I am a Snowplow Insights customer, so the pipeline infrastructure exists in an AWS Sub-Account. I’d like to set up a consumer for the Kinesis enriched stream using a subscribed Lambda, an approach documented here:
The problem is that a Lambda can only be subscribed to a Kinesis Stream existing in the same account, so I’m wondering what best practice would be for making the stream consumable from our main account?
Our primary use-case is to trigger processes in our application in reaction to events in the stream.
My current approach is to have a Lambda in the sub-account subscribed to the stream, with permissions to assume a role and invoke another Lambda on the main account passing in the payload, as suggested below. I have this working as a proof of concept but I’d appreciate advice on whether there is a better way to do it.

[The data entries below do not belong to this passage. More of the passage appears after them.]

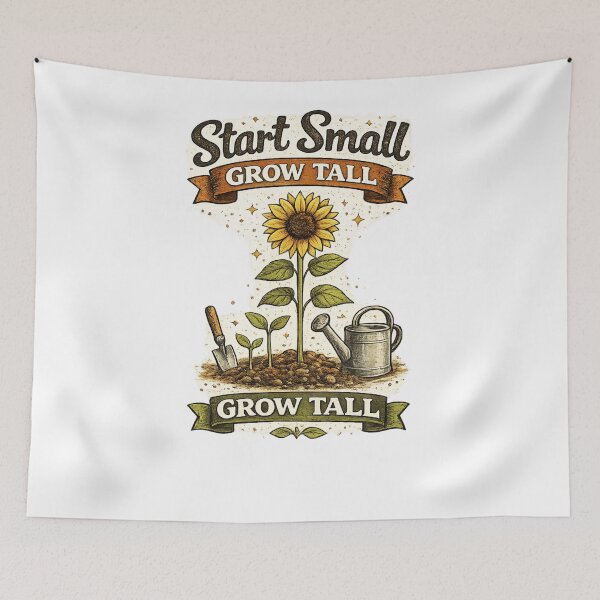 Item preview, Start Small Grow Tall | Retro Gardening Motivation designed and sold by ✨ Daily Vibe Studio ✨.
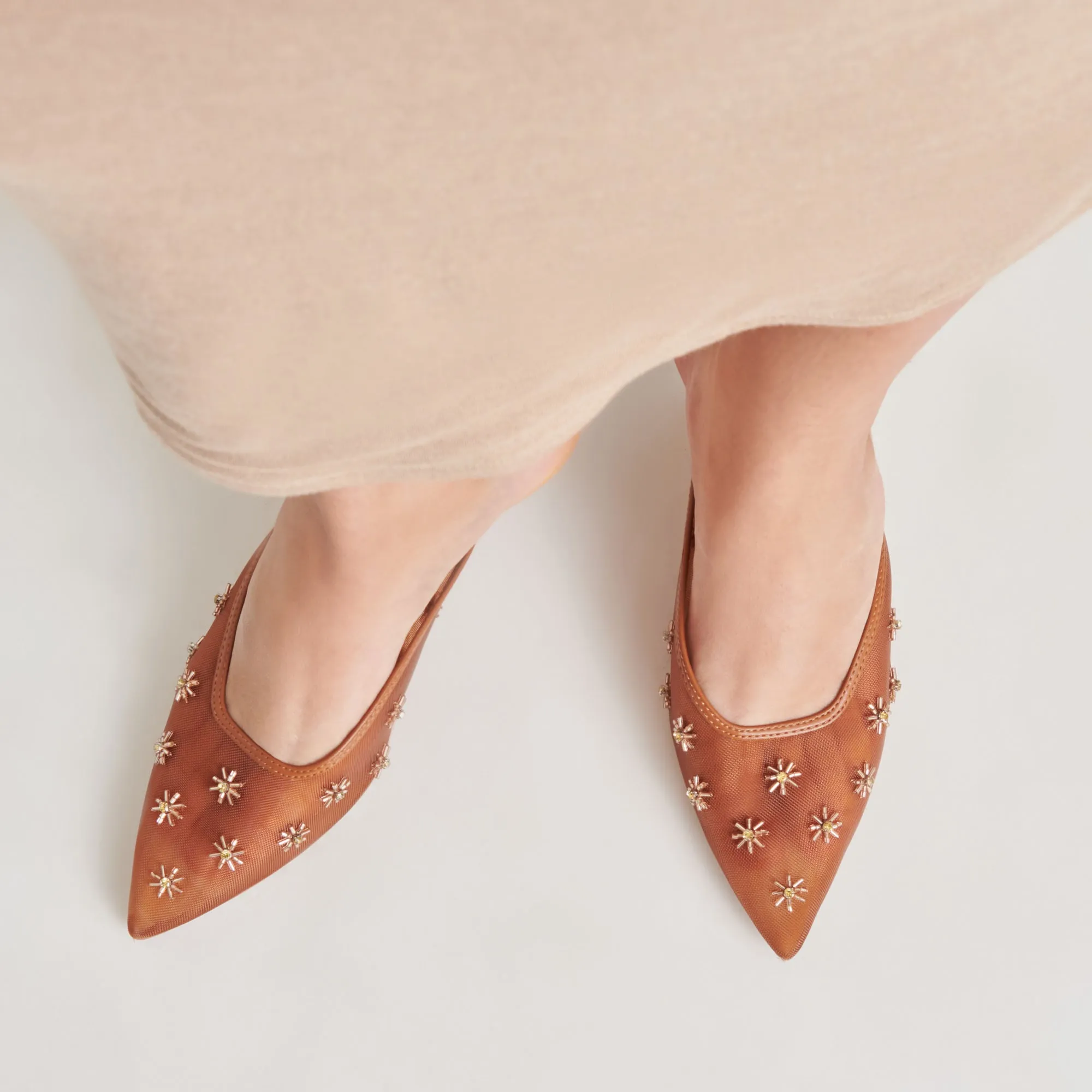 Pink Heels CLARA WIDE HEELS SADDLE MESH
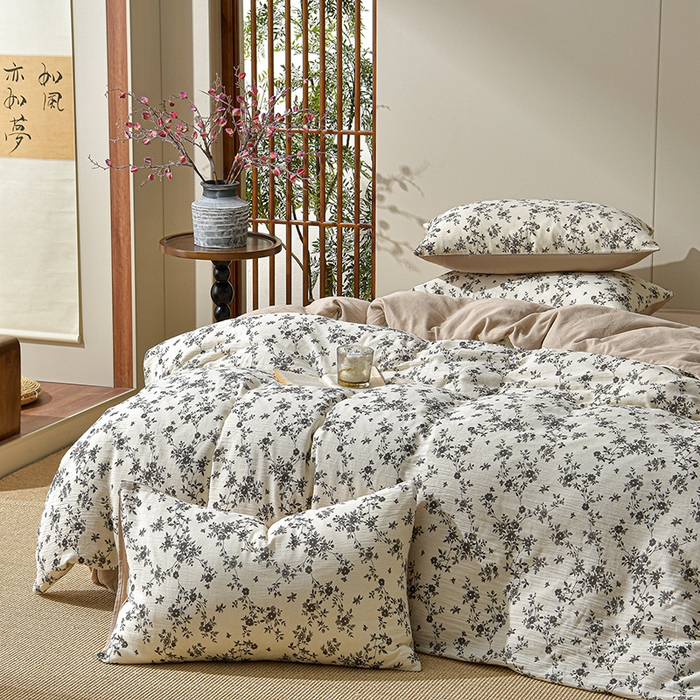 91家纺网 家纺一手货源 找家纺 绘萱家居 2026新款纯棉+麻棉麻全棉印花四件套 枝蔓轻语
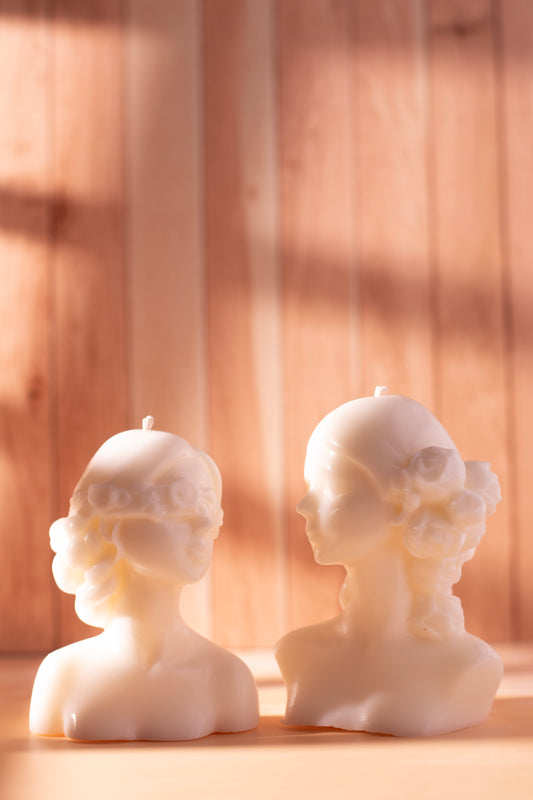 The Muses – Sculpted Candle Duo (Blindfolded & Unveiled)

As a Snowplow Insights customer, this kind of question is best directed through our dedicated support and customer success teams. Could you pop this into an email to support@snowplowanalytics.com?

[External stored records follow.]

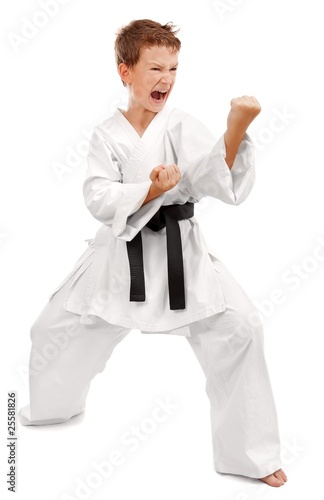 Kid in fighting stance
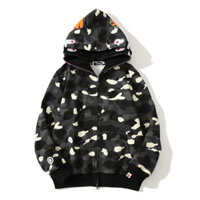 Áo khoác BAPE có mũ trùm đầu phối họa tiết rằn ri thời trang cho nam và nữ 0916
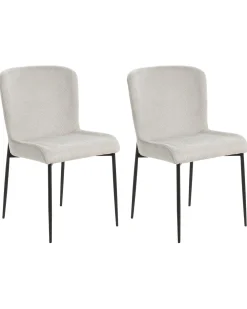 Outlet Beliani Tuoli Kangas Vaaleanharmaa 2 Kpl Ada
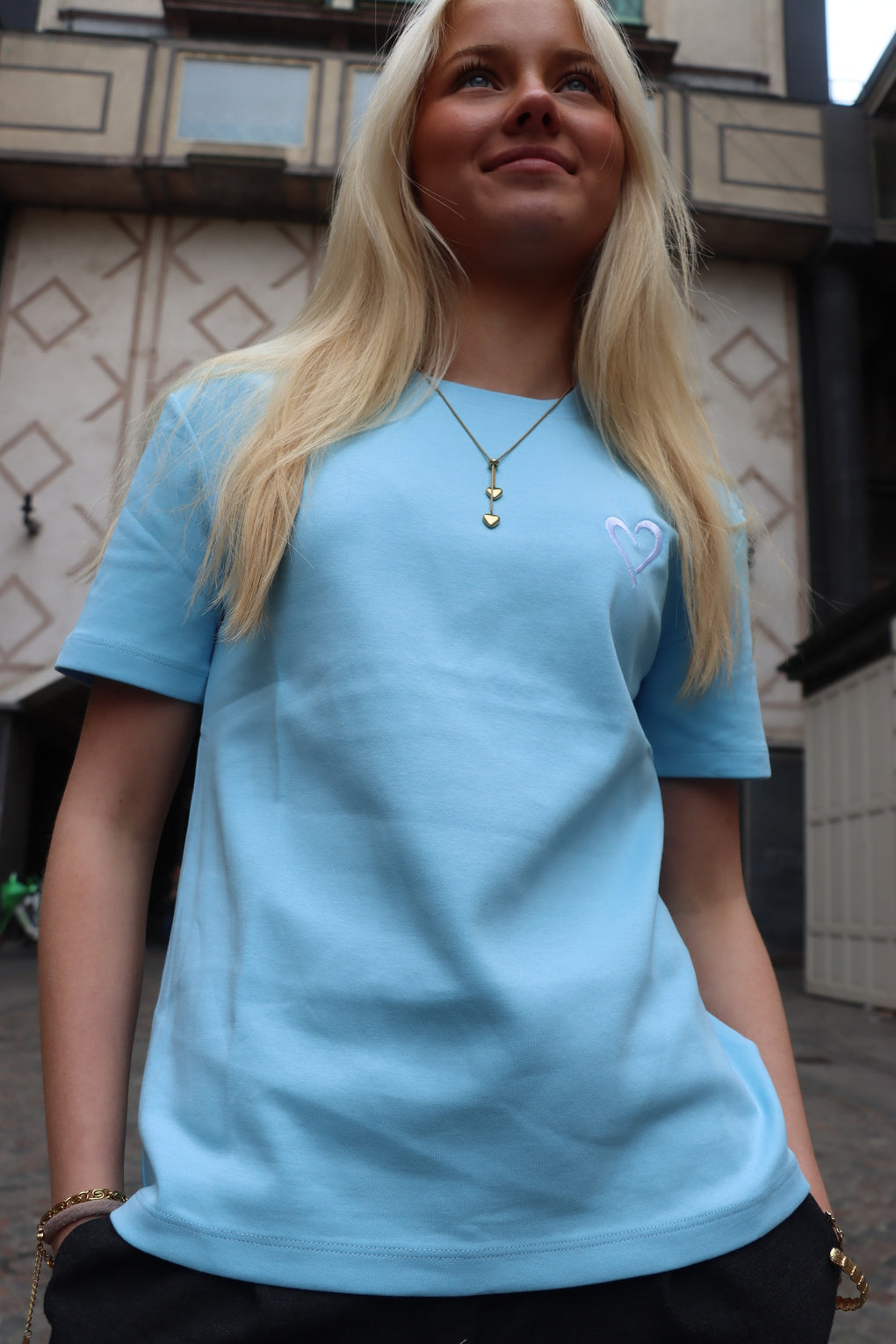 Heavyweight T Shirt til Kvinder - Lyseblå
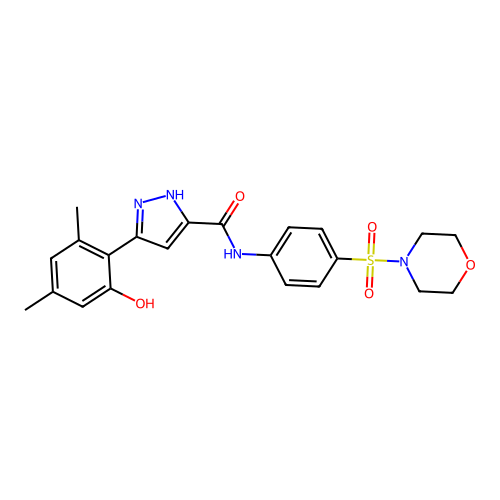 3-(2-hydroxy-4,6-dimethylphenyl)-N-[4-(morpholin-4-ylsulfonyl)phenyl]-1H-pyrazole-5-carboxamide structure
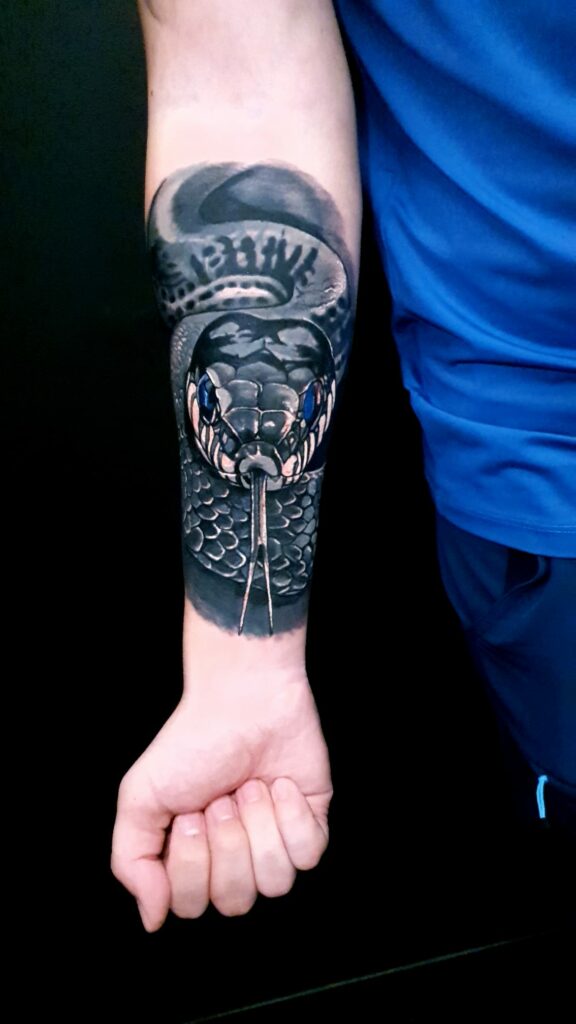 Snake Forearm Black and White Tattoo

This will make it easier for our Engineering and Tech Ops team to collaborate to get it sorted for you.
For the benefit of anyone stumbling across this, it boiled down to two serverless options:
Sub-account Lambda pushes to a replica Kinesis Stream in the main account
Sub-account Lambda publishes events to an SQS Queue in the main account
SQS was the clear choice for us as we wanted our solution to auto-scale. AWS managed auto-scaling isn’t available for Kinesis Streams and to implement our own scaling solution would have added too much complexity to our project.
And about the auto scaling: depends what you want to do. Kinesis Firehose and Kinesis Analytics Applications (Apache Flink) do scale automatically. We have good results with a Flink application that is auto scaled by AWS. It is doing real time analytics of news paper articles (around a million read events/day).